Breinholt, who was still handcuffed, also told officers he had a gun, even though he had been searched when he was arrested.
“Mr. Breinholt slipped off his shoe, reached down, and turned his torso to successfully pick up his shoe, with one hand while still being handcuffed, and what became apparent to us in our review is that his arm is fairly skinny, and the handcuff was sliding up his arms,” Gill said. “He started to stand up and said he had a gun in his shoe.”
He was then made to sit back down and held the shoe behind his back. Officers were concerned Breinholt might do something with the shoe, and one of the officers took it away from him.
“Mr. Breinholt turned his torso, and with both of his hands still handcuffed, grabbed the handle of Officer Atkin’s firearm and began pulling on it as though he was trying to draw the holster,” Gill said. “Upon realizing that Mr. Breinholt had grabbed his firearm and was pulling on it, Officer Atkin yelled ‘Holy F, he’s got my gun, he’s got my gun.”
Atkin then reached over to prevent Breinholt from drawing the gun. Another officer then joined the struggle and Breinholt continued to pull on the handle, Gill said.
Longman then entered the room and for a moment, the three officers struggled with Breinholt, Gill said. Longman hit Breinholt in the face, but he continued to pull on the gun, he added.
“As officers struggled to control the situation, they pushed Mr. Breinholt to the far corner of the room, where some furniture was placed,” Gill said. “The officers were unable to remove Mr. Breinholt’s hands from Officer Atkin’s gun.”
At some point, Longman said to Breinholt,”You’re about to die, my friend.” Longman reached for his firearm and drew it from the holster. He then pointed his firearm at Breinholt’s head and fired. The suspect fell to the floor, where he died instantly, Gill said.
Gill then showed body-worn camera footage from the officers in the room when Breinholt was shot. Gill said that additional body camera footage showed Longman started saying “you’re about to die my friend” before he entered the room. He added that Longman’s gun was holstered when he entered the room.
Gill also said that Breinholt allegedly did not release on Atkin’s firearm through the entire incident until the suspect was shot. Atkin also reported that the amount of force that was being exercised by Breinholt against the holster was “tremendous.”
Gill said that Longman “was faced with a deadly force situation in which it appeared possible that, unless Mr. Breinholt was stopped, he would not stop grabbing Officer Atkin’s gun from his holster.”

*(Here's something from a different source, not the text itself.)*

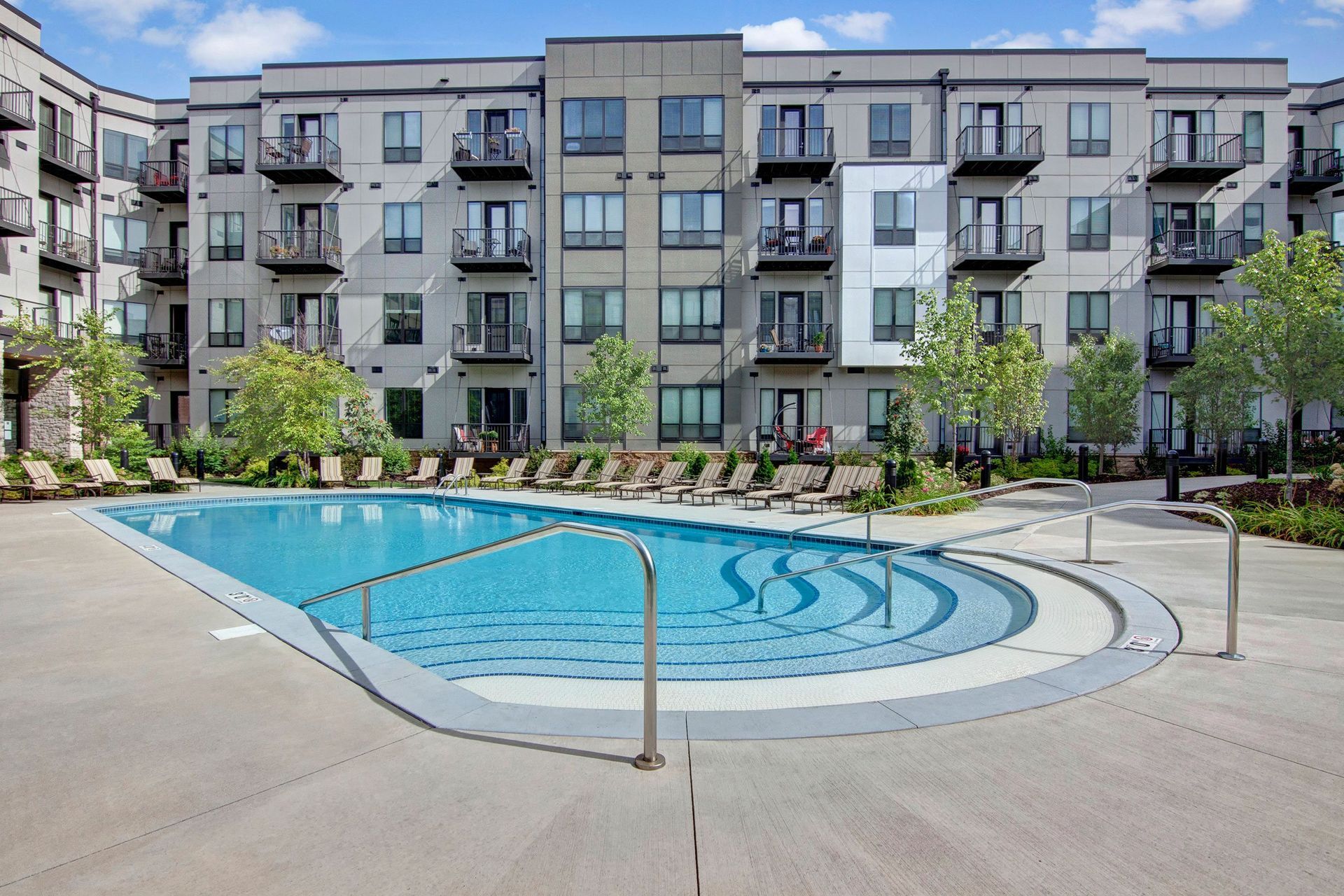 Modern The Residence at The COR Apartment Homes complex surrounds a serene outdoor pool with inviting lounge chairs and lush greenery under a clear blue sky.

Gill said his decision had to focus on whether Longman’s actions were legally justified under Utah law.
He added: “I think it is a legitimate question: How did we get there? What led up to this. But I do not get to consider that in my analysis.”
Longman was placed on paid administrative leave after the incident pending the results of an independent investigation by the Salt Lake City Police Department, but returned to work a few months later.